Source information >>
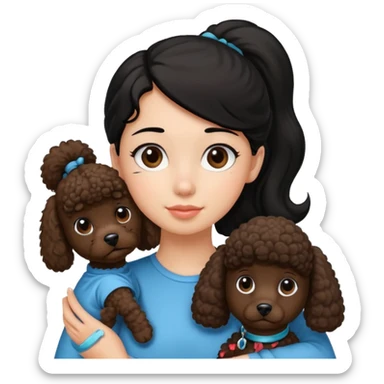 Ponytail black hair girl with brown Poodle say goodbye  sticker
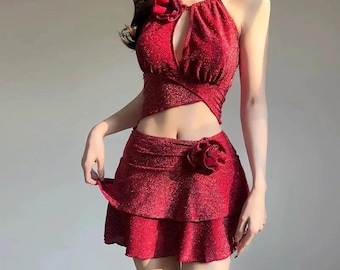 Korean Style 2-Piece Bikini Set: Glitter Halter Top, Ruffle Skirt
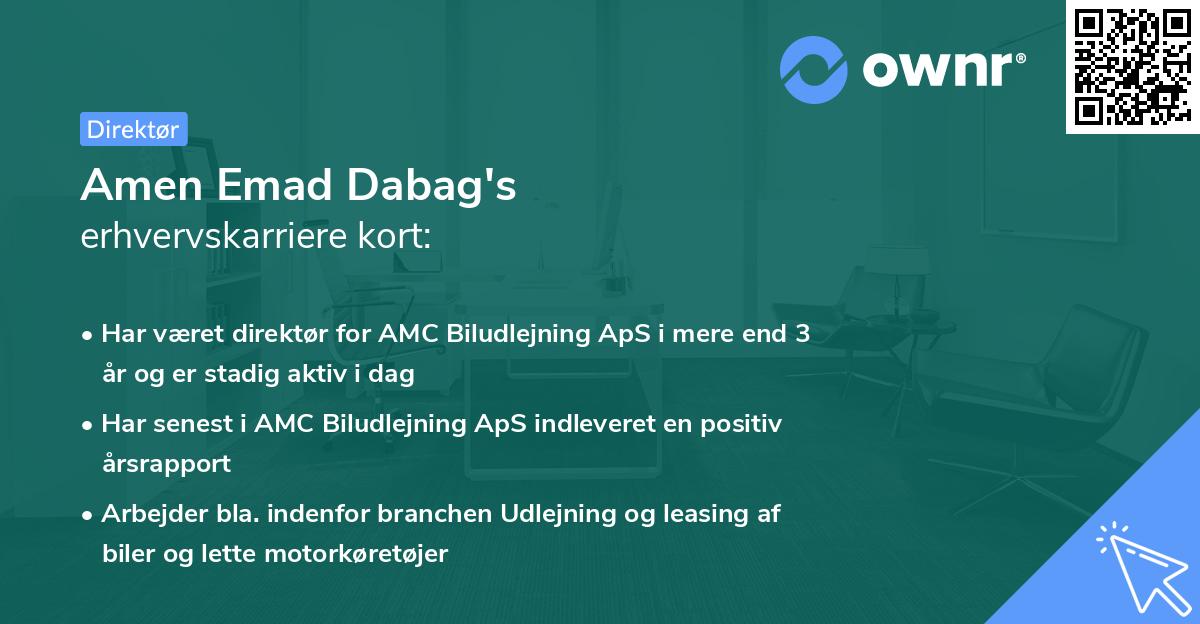 Amen Emad Dabag's erhvervskarriere kort
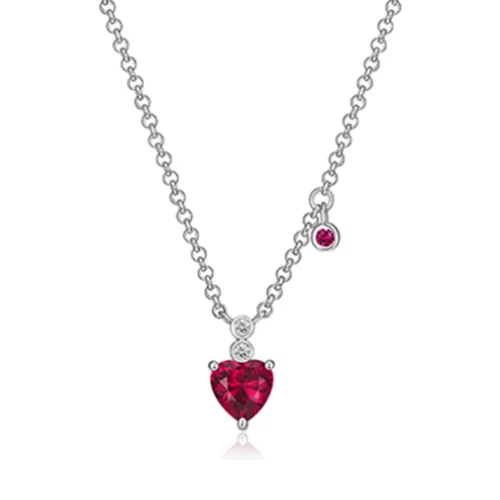 ELLE "Holiday Stars" Heart Created Ruby and Lab Grown Diamond Solitaire Necklace - Silver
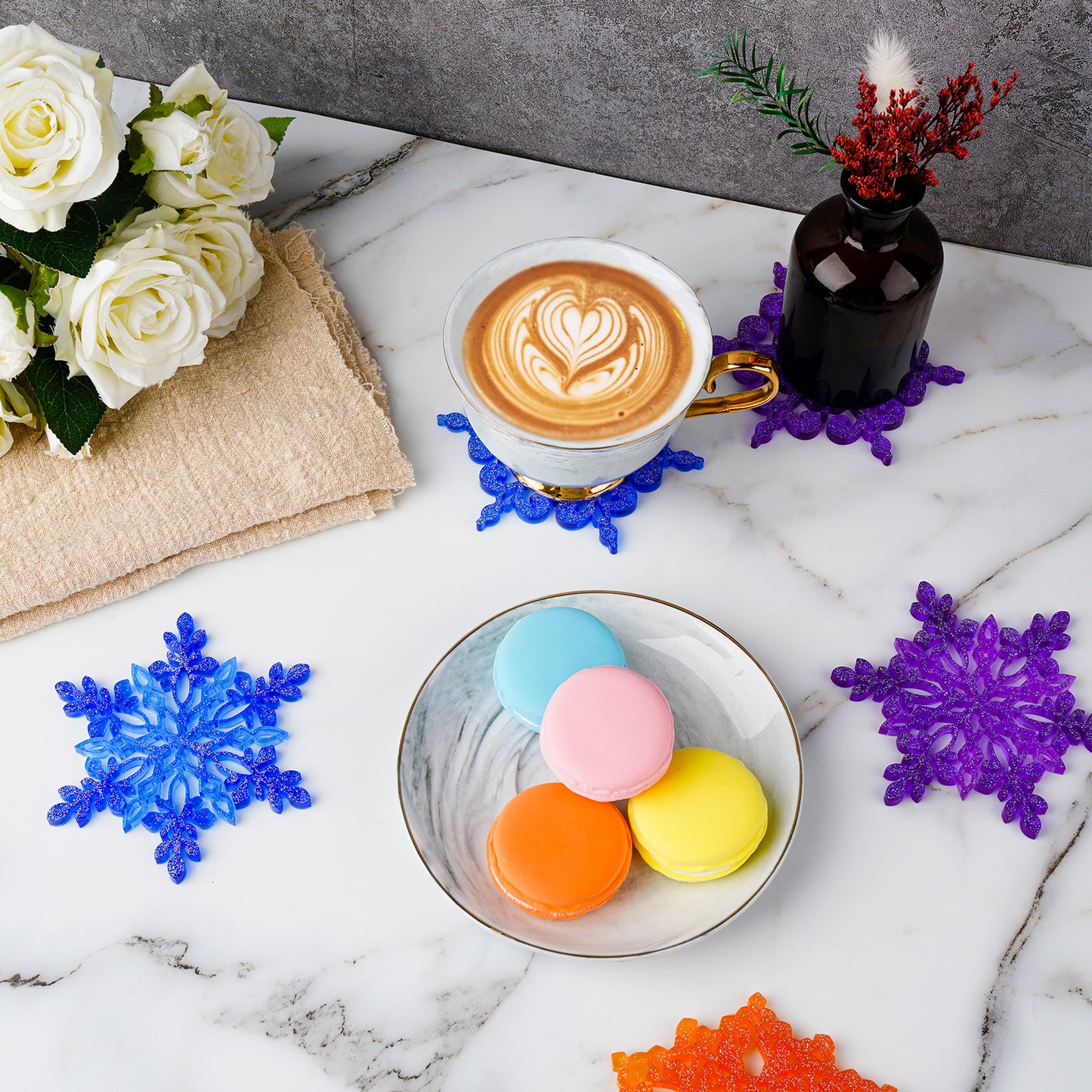 Epoxy Resin Silicone Snowflake Coaster Molds 4PCS 4.17" DIY Craft Arts Ornaments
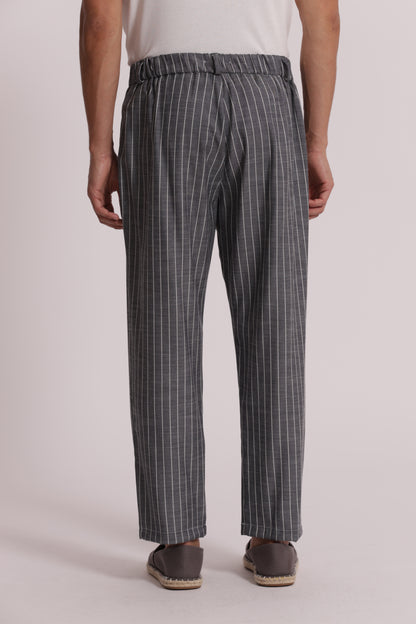 PANTALONI RIGHE MISTO LYOCELL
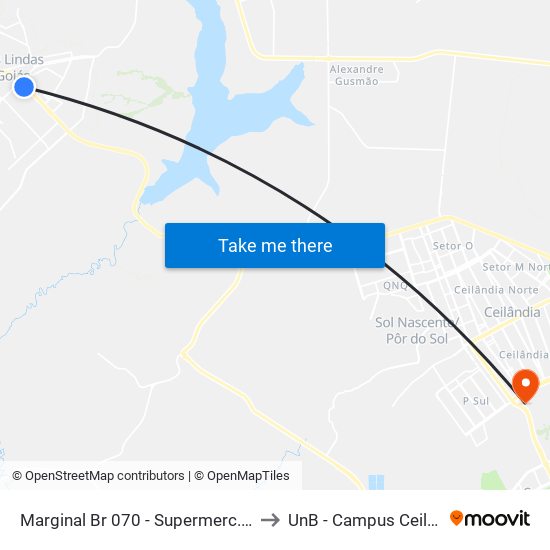 Marginal Br 070 - Supermerc. Tatico to UnB - Campus Ceilândia map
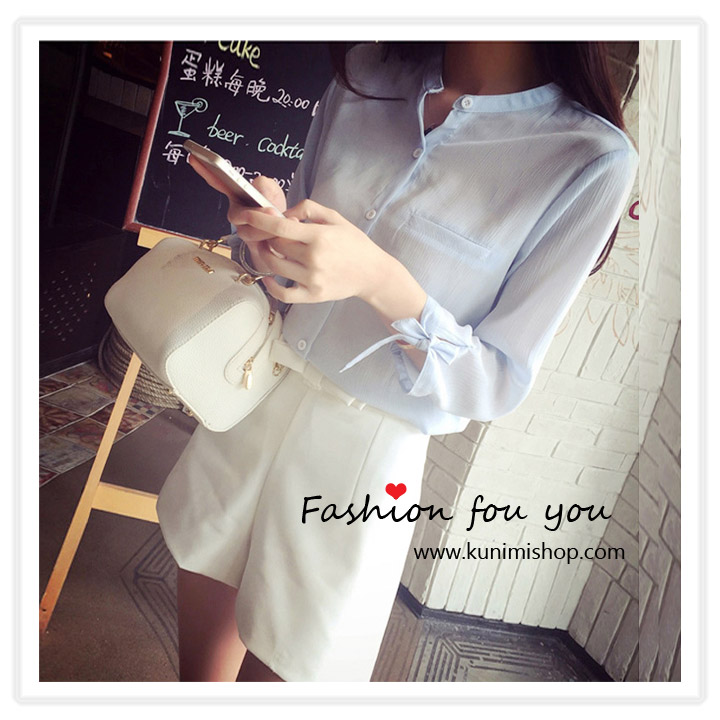 VS046 เสื้อแฟชั้น เสื้อเชิ้ต คอจีน กระดุมผ่าหน้า แขนยาว ช่วงปลายแขนมีเชือกผูกเป็นโบว์ ผ้าชีฟอง พลิ้ว ใส่สบาย รับกับหน้าร้อนคะ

Exercise aim >>
Word for word, restate the lines from the one containing "PANTALONI RIGHE MISTO LYOCELL" through the end of the listing, and nothing more. Skip the pictures.

Answer to the problem >>
 PANTALONI RIGHE MISTO LYOCELL
 Marginal Br 070 - Supermerc. Tatico to UnB - Campus Ceilândia map
 VS046 เสื้อแฟชั้น เสื้อเชิ้ต คอจีน กระดุมผ่าหน้า แขนยาว ช่วงปลายแขนมีเชือกผูกเป็นโบว์ ผ้าชีฟอง พลิ้ว ใส่สบาย รับกับหน้าร้อนคะ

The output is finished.